Having dug out by hand the cave church and two cells on pillars, he began to petition the clergy of the Pskovsk Trinity cathedral to consecrate it, but these decided not to do so at the moment "because of the unusual location". Then the Monk Jona besought the blessing of the Novgorod Archbishop Theophil.
On 15 August 1473 the cave church was consecrated in honour of the Uspenie (Dormition) of the MostHoly Mother of God. During the consecration there occurred a miracle from an icon of the Uspenie of the MostHoly Mother of God – a blind woman received her sight – "sent by the merciful God beginning His great gifts to His All-Pure Mother". (This icon, which they call the "old", in distinction from another wonderworking icon of the Uspenie of the MostHoly Mother of God bordered with Her life, was written about the year 1421 by the Pskov iconographer Aleksei Maly, and is preserved at present in the altar of the Uspensk temple in the hill locale. The icon bordered with the life – is the temple patron-icon of the cave church). The date of consecration of the cave church is reckoned as the official date of the founding of the Pskovo-Pechersk monastery. The Monk Jona asceticised at the cave monastery until 1480 and peacefully expired to the Lord. Upon his death they discovered on his body a chainmail coat of armour, which was hung over his grave in testimony of the secret ascetic deeds of the monk, but during an incursion of the Germans it was stolen.
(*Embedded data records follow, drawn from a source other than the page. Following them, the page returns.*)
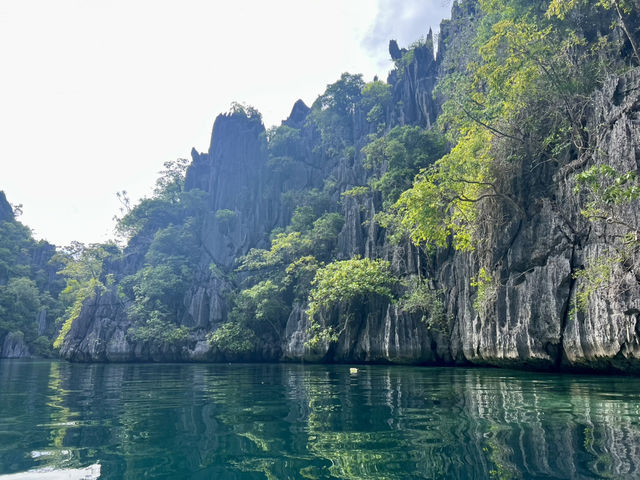 I want to go back!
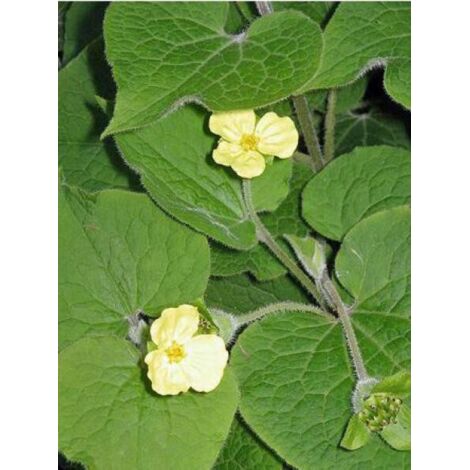 Saruma henryi Godet de 8/9 cm (1/4)
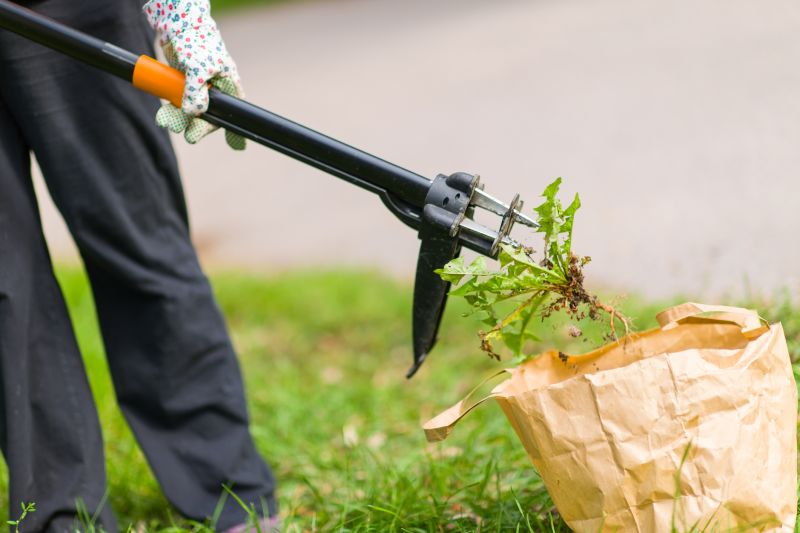 Weed Removal Tools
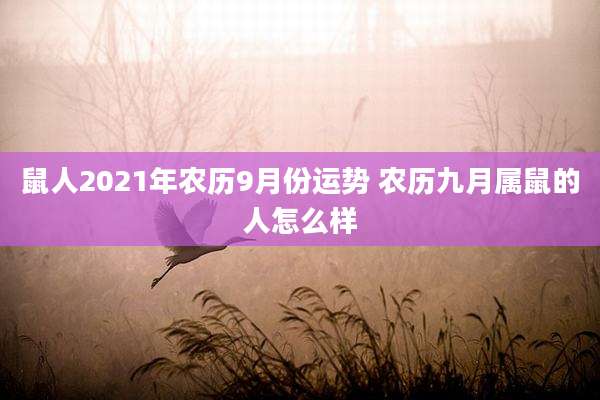鼠人2021年农历9月份运势 农历九月属鼠的人怎么样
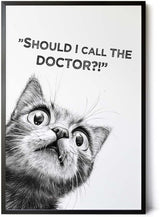 Paul Sinus Poster/Leinwandbild/Rahmenoption Lustiges Katzenbild – Witzige Klo-Deko fürs Gäste-WC – Perfekt für Humorvolle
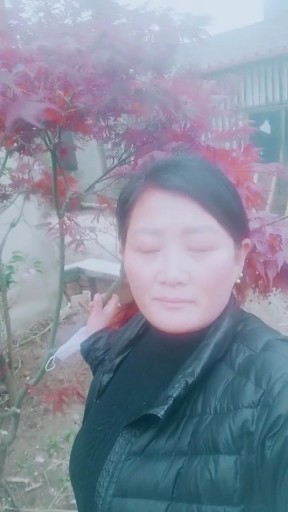 等你等了那么久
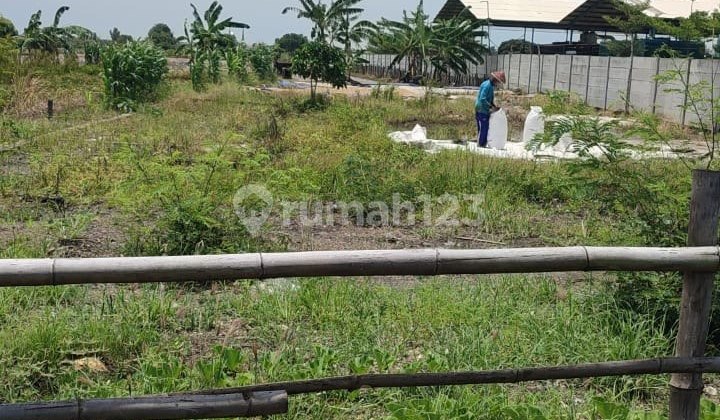 Tanah Raya Cerme Zona Industri Gresik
The relics of the Monk Jona rest in the caves alongside the relics of the monastic elder Mark and the Nun Vassa. Once during an invasion of the monastery the Livonian knights, jeering over the holy relics, wanted to open with a sword the cover of the coffin of the Nun Vassa, but a flame from the holy ascetic flashed out from the coffin. Traces of this punishing fire are seen to the present day on the coffin of the Nun Vassa.